The Difficulty with School Schedules

Cody Seales

Cody Seales, Writer

Hang on for a minute...we're trying to find some more stories you might like.

Email This Story

There is a lot of work that goes into the production of the class schedule, and many students blame the counselors for their schedule being messed up or disorganized. There are too many factors that go into the production of the schedule for it to only be the counselors fault. In fact, most of the time it’s the students fault for not being clear on the classes they desire.

The master schedule starts to take shape a little before winter break when the course selection sheets are handed out and the teachers begin to advise students on what courses to take. The schedule choices are finalized right after the Student Led Conferences when the student goes to a designated computer lab and the classes themselves. All possible classes and alternative classes are established by the student. The choices are compiled and eventually developed into a schedule that meets the requirements of the student.

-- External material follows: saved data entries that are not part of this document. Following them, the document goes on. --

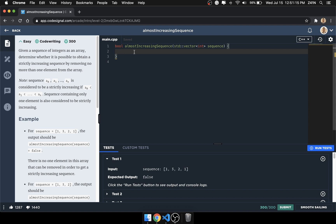What's up guys, Zane here back with another video. For this question we have the almost increasing sequence. Given a sequence of integers as an array, determine whether or not it's possible to obtain a strictly increasing sequence by removing no more than one element from the array.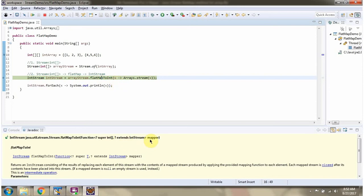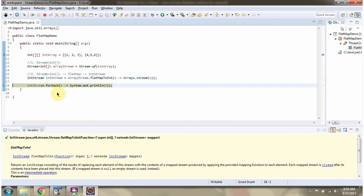The flatMapToInt method accepts a mapper function. Here you can see the mapper function. Using flatMapToInt, I am converting a Stream of Integer to an IntStream. Then I am calling the forEach method of IntStream, getting each element and displaying it.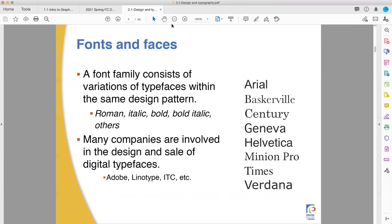They used to be called foundries because they used to actually found them — melt metal down and pour it into molds. A foundry is a place that makes molded metal. But they still call them type foundries, even if it's all digital nowadays. Adobe, Monotype, ITC — there's a bunch out there that still exist. The good ones make the best fonts and charge money for them. Adobe has licensing to a ton of these things, so they all ship with their products. You rent the Creative Cloud and with that subscription comes access to a lot of really good fonts.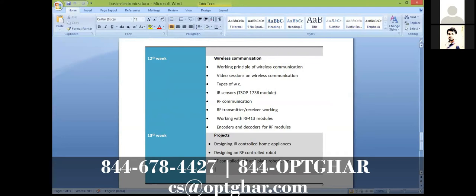There are many job requirements for students with strong analog electronics skills — no programming required, just deep hardware knowledge. This completes the first module of the embedded course.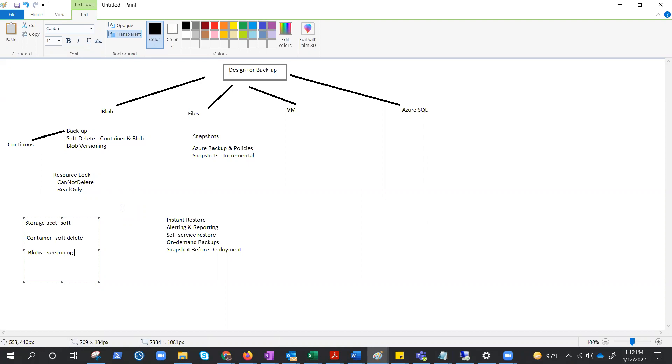And if we talk about blob soft delete, it is again the same thing. Can restore a blob snapshot or version that has been deleted. Blob soft delete is useful for restoring specific files. And the retention period is again from 1 to 365 days.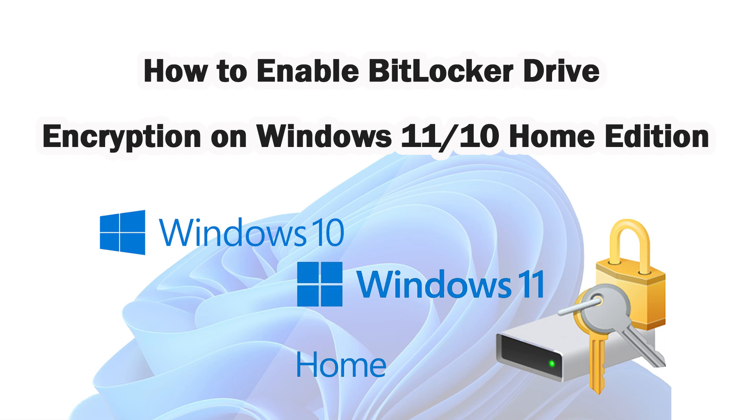Hello friends, welcome back to my channel. Today we will learn how to enable BitLocker in Windows 11 Home Edition.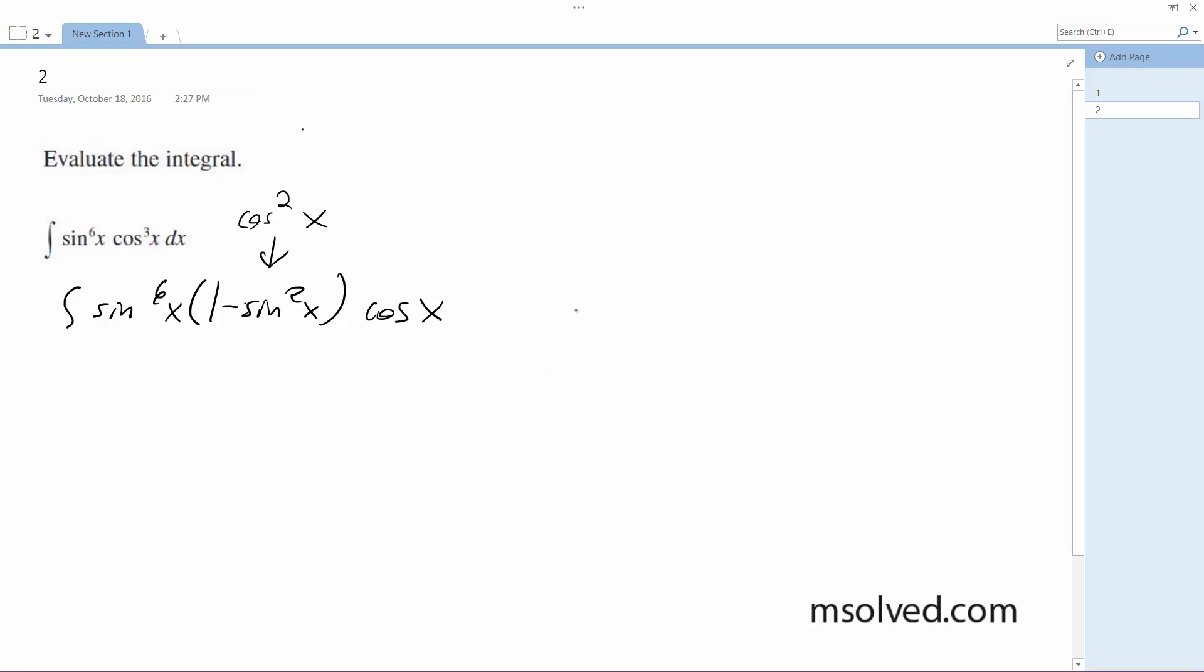And dx. All right, so this is going to become, I'm going to substitute in u to the 6th, 1 minus u squared, du.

The problems began with the priority of certain students over others and what classes the school is going to fund with its limited budget. Certain classes that are not absolutely necessary for graduation are cut. If a student requests to be put into Algebra 2 when the class is almost full, and there are other students that need to class to graduate, the student that requested it is held at a lower priority. The same idea applies to the classes that students don’t need to graduate. Science, English, and math classes are higher priority than foreign language or art classes. And all these factors, the budget, the student choices and priority, all have to be factored in. And all before the schedule changes are requested. Also, there is a massive amount of incoming freshmen.

There are now, according to Mr. Wentz “32-34 per class.” Teachers are swamped with students. There is so much for counselors to think about budget and students mass wise. It is a difficult job to organize 1,800 students into a schedule that pleases everyone. Although the schedules don’t work out perfectly, the counselors are working hard to assure the students that their graduation schedules will work out.